Hardtails Are Better said:
Which rims and spokes and nipples are you using? Spoke tension depends more on the spoke/nipples than the rims. Any Mavic rims *should* be able to take whatever your spokes and nipples can.
Not really, The rim does have a lot to do with it. Some of the lighter mavic rims will start to crack around the eyelets from to high of tension. even though you can tension a Dt competition to 185kgf there really is not much of a reason to. 135 to 140kgf is more then enough unless you are using superlight spokes then 120 to 125kgf is a good high number.
You're right, I didn't say that very well. Is hould have said that with a good, strong, eyeleted rim, the spokes are more of a limiting factor than the rim. At least that holds true from my experience. I've had Mavic 517's, 717's and 220's all at about 150kgf, no issues. That's using Ritchey Logic (DT really) 2.0/1.6/2.0 spokes. Aluminum nipples. Acually, I did crack a 717 once, but that was from an impact with a square edged rock, where the tube completely deflated instantly, and the rim hit the rock hard. I was going, oh, maybe 30-35. Don't think I can blame that on the build. The crack wasn't at an eyelet either.
Hardtails Are Better said:
You're right, I didn't say that very well. Is hould have said that with a good, strong, eyeleted rim, the spokes are more of a limiting factor than the rim.
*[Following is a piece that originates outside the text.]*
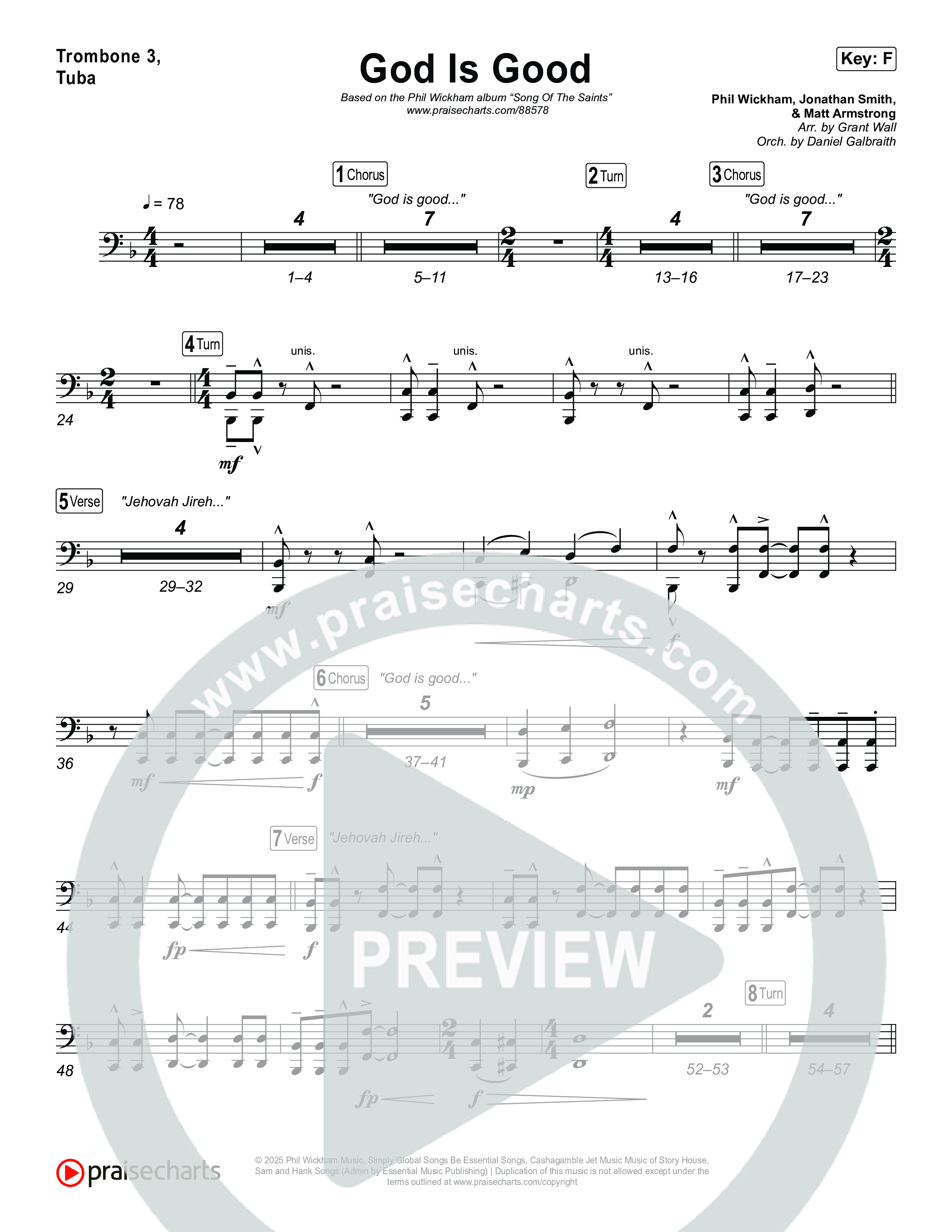God Is Good Trombone 3/Tuba (Phil Wickham)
At least that holds true from my experience. I've had Mavic 517's, 717's and 220's all at about 150kgf, no issues. That's using Ritchey Logic (DT really) 2.0/1.6/2.0 spokes. Aluminum nipples. Acually, I did crack a 717 once, but that was from an impact with a square edged rock, where the tube completely deflated instantly, and the rim hit the rock hard. I was going, oh, maybe 30-35. Don't think I can blame that on the build. The crack wasn't at an eyelet either.
The 517 was actually notorious for crackly prematurely around the eyelets.
wheel build

I just built up my first rear wheel with a mavic 517, xt non disc hub, dt 2.0 spokes, and dt brass nipples. I'm curious to see if I used the correct tension: drive side on my park tension meter is 23 and non drive is 18. Do you think this will work, I weigh about 185 if that is part of the equation.
DOUBLEJ said:
I just built up my first rear wheel with a mavic 517, xt non disc hub, dt 2.0 spokes, and dt brass nipples. I'm curious to see if I used the correct tension: drive side on my park tension meter is 23 and non drive is 18. Do you think this will work, I weigh about 185 if that is part of the equation.
You'll need to check the Park conversion table supplied with your tensionmeter to get a number that means something to non Park users. The 23 = 95 kfg and 18 = 56 kfg for a 2.0mm spoke.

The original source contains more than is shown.